Peng Peng Gong
Peng Peng Gong press reviews
Peng Peng, piano.
San Diego Arts
First came Lang Lang and then Peng Peng - both appearances courtesy of the La Jolla Music Society.
Lang Lang's rep is large enough to draw an audience to Copley Symphony Hall (where the artist played January 21), but the lesser known Peng Peng was assigned to the smaller and overall more desirable auditorium of the Neurosciences Institute in La Jolla. His recital there yesterday provided an auspicious start to the Chinese New Year celebrations which run for about the next two weeks. Apparently the Year of the Pig is not as bad as it sounds. I gather the "Year of the Boar" is a much more accurate translation, but someone must have thought "boar" sounds even worse.
If the advent of Peng Peng can be called an auspicious omen, the boar's year should be a lucky one indeed.
Peng - if I may take the liberty of using his first name - played what we critics like to call "an ambitious recital," but for an accomplished artist like this one, taste rather than technical considerations doubtlessly dictates what he plays. What would "ambitious" signify to such a preternaturally gifted artist? Peng has a phenomenal technique, but what distinguishes him from a large crowd of empty keyboard dazzlers is his true musicality. He is the real thing - an artist of both physical skill and intellectual insight.
You can hear this in every note, every phrase he plays. He is a superb judge of dynamic contrasts, he knows how to shift from dramatic passages to limpidly lyrical ones, he obviously loses himself in what he's doing, and he moves over the keys with stunning articulation. He thoroughly understands the profound stylistic differences between the compositional styles. As his career progresses he is going to mature artistically. As things stand now, one is compelled to compare him with the greatest of pianists.
The program was - or was supposed to be this one:
Mozart: Sonata No. 14 in C Minor, KV 457
Chopin: Ballade No. 4, Op. 52
Rachmaninoff: Sonata No. 2 in B-flat Major, Op. 36
Schumann: Carnaval, Op. 9
Schubert/Liszt: "Gretchen am Spinnrade" and "Auf dem Wasser zu singen"
It's unclear exactly why Peng changed the order of the pieces, placing the Chopin work in the number-one position after the intermission and then eliminating the Schubert/Liszt transcription altogether. It's also not clear why he did not play an encore for his worshipful audience, but I personally do not think anything could have topped what he had already played. Quitting while you're ahead - way ahead - makes good sense to me.

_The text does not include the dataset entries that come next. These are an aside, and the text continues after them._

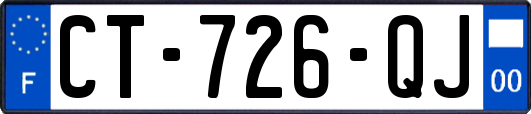 CT-726-QJ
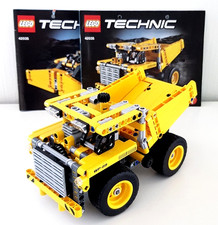 Lego Technic 42035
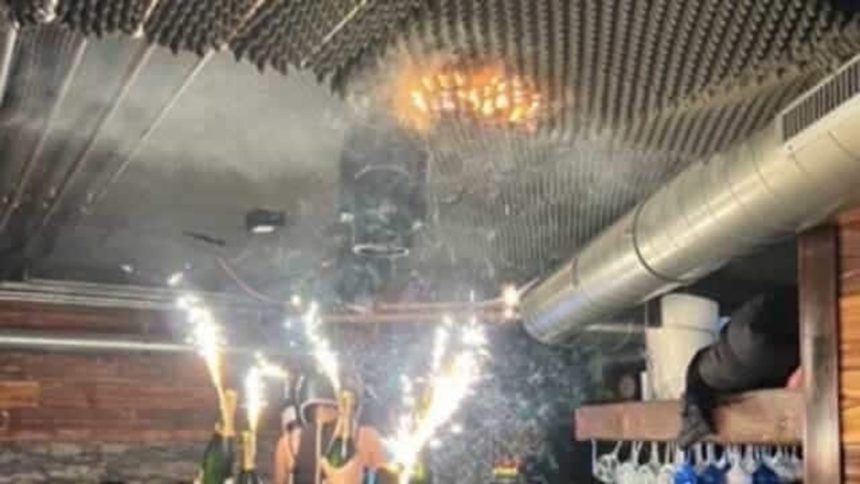 Crans-Montana, i proprietari de Le Constellation in Procura a Sion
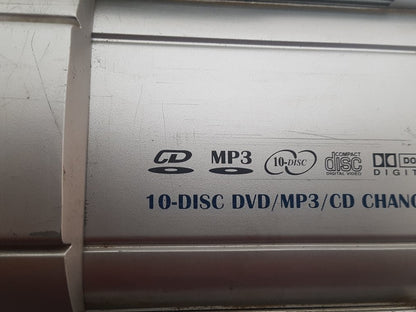 2003 - 2007 Volvo V70  Estate INFOTAINMENT UNIT (ICM) 307101553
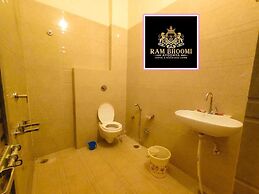 Hotel RamBhoomi Ayodhya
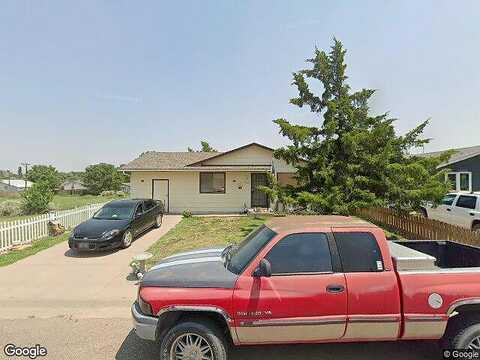13Th, LAMAR, CO 81052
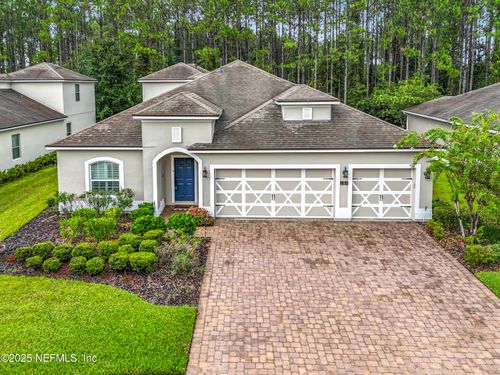 280 N Arabella Way, St Johns, FL, 32259-8021 | Card Image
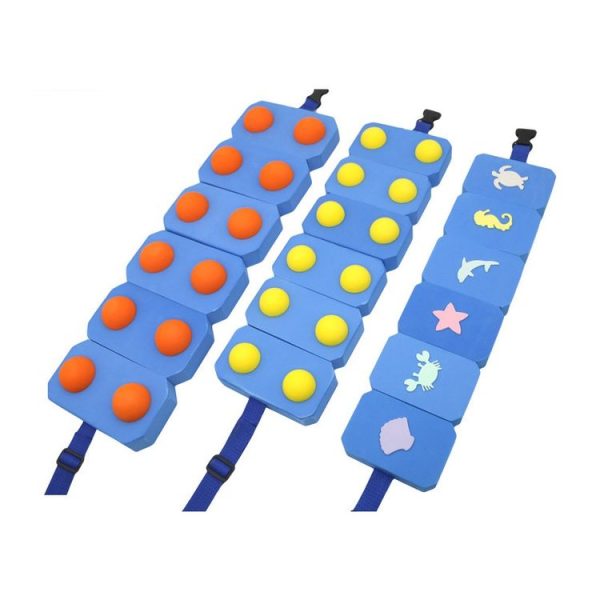 Small EVA Adult Children Belt Swimming Circle Buoys - Image 3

In the Mozart sonata that opened the concert, one knew this young man knows his way around the works of one of the most challenging the old masters. Peng gave the "rocket" theme of the Allegro a Beethoven-like emphasis while tackling the contrasting subject matter with suave lyricism. Though he could do it if he wanted, he eschewed the boring pointillist articulation that affects so many shallow Mozart interpreters today. Peng's peddling, by the way, was appropriately sparing.

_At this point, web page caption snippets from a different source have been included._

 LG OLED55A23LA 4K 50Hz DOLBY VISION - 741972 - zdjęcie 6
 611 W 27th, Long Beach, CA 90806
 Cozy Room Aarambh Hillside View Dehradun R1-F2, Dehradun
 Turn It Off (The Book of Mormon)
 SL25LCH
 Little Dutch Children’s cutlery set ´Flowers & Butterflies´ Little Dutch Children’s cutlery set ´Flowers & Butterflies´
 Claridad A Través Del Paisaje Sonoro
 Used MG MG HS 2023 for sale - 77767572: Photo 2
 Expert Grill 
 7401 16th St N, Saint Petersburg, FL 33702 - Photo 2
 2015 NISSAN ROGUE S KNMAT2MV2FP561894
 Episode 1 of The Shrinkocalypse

The Rachmaninoff, one of several works in which the composer seems to be searching for a memorable theme, Peng gave us a performance that would have been more appropriate in Hollywood Bowl. One problem with the vaunted acoustics of the Neurosciences Institute is audio-sensory overload whenever someone goes large scale. I could have done without this piece - though Peng played it brilliantly.
After intermission Peng showed his exceptionally keen understanding of both Chopin and Schumann - the latter composer being in many ways more challenging than the former. In fact, Peng's playing of Carnaval was his most impressive achievement. Several moments were profoundly moving. The artist was also careful to project a sense of stylistic unity even as he passed over the 21 distinctly contrasting character pieces that make up this familiar masterpiece.
So, there you have it folks. Another wonderful classical pianist from China.
Oh - did I mention it? Peng Peng is only 14 years old.